Photo Credit: CNS file photo/Jon L. Hendricks

There are few years in one’s life that are more exciting (and sometimes more hectic) than an engagement year. After the proposal begins a slew of preparation activities. Book the church, find the reception venue, select your wedding party, decide on wedding attire, choose flowers, select music… “I could never plan a wedding in only a year!” a co-worker once told me. The truth is, a wedding can be planned in a few months if you really have to. All that stuff, while important to making the wedding day memorable, is — in the words of my future father-in-law — “fluff.”
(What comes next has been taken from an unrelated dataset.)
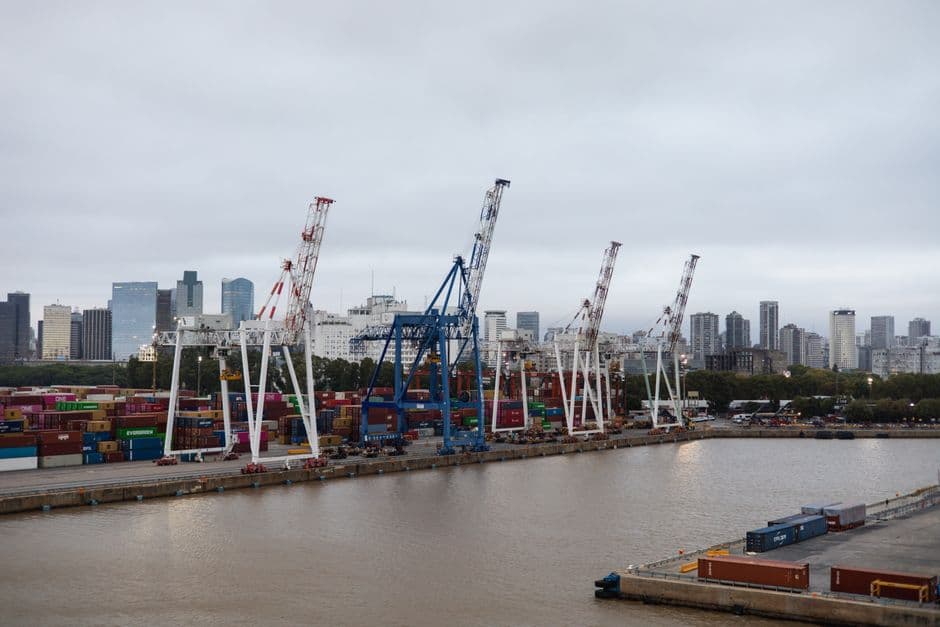 Shipping containers and cranes at a bustling port with city skyline backdrop.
The truly important stuff of a wedding is the growth and preparation of the couple themselves, so that the many years following their few hours of public celebration will be strong and joyful. This means making certain decisions intentionally, long before the wedding day. One of these decisions is selecting a marriage preparation program.

The Catholic Church has a lot to offer when it comes to marriage prep, but as far as I know, no pre-engagement programs. Since marriage prep programs are typically designed to prepare you for the marriage, not discern it, it’s a good idea to go through your own prayer and discernment even before getting engaged. The last thing you want is to put lots of money down on a reception venue — let alone get married — later to discover that your union with Mister or Miss Right was not meant to be.

The priest or deacon presiding at your wedding may recommend a particular program, and many couples submit as if marriage preparation is simply a hoop to jump through. But if you see it as a chance to confirm your vocation to marriage and as something that will enrich all your years, participating in such a program can be very enjoyable. Many dioceses offer weekend retreats, programs that meet once a week for several weeks, parish-based programs, or meetings with married couples in their homes; or they may simply have you meet with a priest regularly. While your priest or deacon may suggest a particular program, you have the right to suggest a program more fitted to your needs as a couple. It’s worth asking. My fiancée Sarah and I decided to partake in a full weekend experience called Catholic Engaged Encounter, an international marriage preparation program.

So what makes for good marriage prep? Primarily, it’s a chance to communicate with each other about major topics like managing conflict, forgiveness, finances, intimacy, faith, communication and values. On our weekend, married couples (of various ages) shared their experiences with these subjects, their struggles, personal strategies, sacrifices and triumphs together. After a talk each engaged couple would journal separately and then discuss it together. Sarah and I had talked about many of these things already, but we still discovered areas that needed deeper discussion. Here are a few things we’ve been continuing to discuss:

  • Beyond the wedding — Good marriage programs take the focus off the wedding day and place it on the sacrament of marriage. As Engaged Encounter’s slightly cheesy tagline says, “A Wedding is a Day … A Marriage is a Lifetime.”
  • More than love – Good marriage preparation will ask you, “Why do you want to marry your partner?” and hopefully take you beyond the answer, “Because I love her.” For me it was not only because the love Sarah and I share is a sign from God that this calling is real, but also because I want to change the world with God’s love and I can do that better with Sarah than on my own.
  • Focus on unity – Good marriage prep will be realistic about the inevitable disillusionment in a relationship and call you to continually build each other up toward greater unity. It will uncover the darkness, flaws and baggage you bring to the marriage, at the same time shining light on your gifts and strengths.
  • Learning from experience — Most critically, however, is getting time with real married couples who have experienced the ups and downs of married life. Only they can offer you a practical look at what marriage is and can be. While marriage preparation programs present ideals for which to reach, they must respect that each couple walks areas like intimacy and conflict differently. When the married couples shared their stories on our weekend, Sarah and I couldn’t always relate, but there were parts of their stories where we could. “Their story reminded me of how stubborn I can be!” I might say. “And how sensitive I can be!” she might respond with a laugh. We found that having a sense of humor about our quirks helped enrich the weekend. There was even a worksheet on things like how we squeeze the toothpaste tube or how loudly we chew. “You chew extremely loudly!” Sarah reminded me.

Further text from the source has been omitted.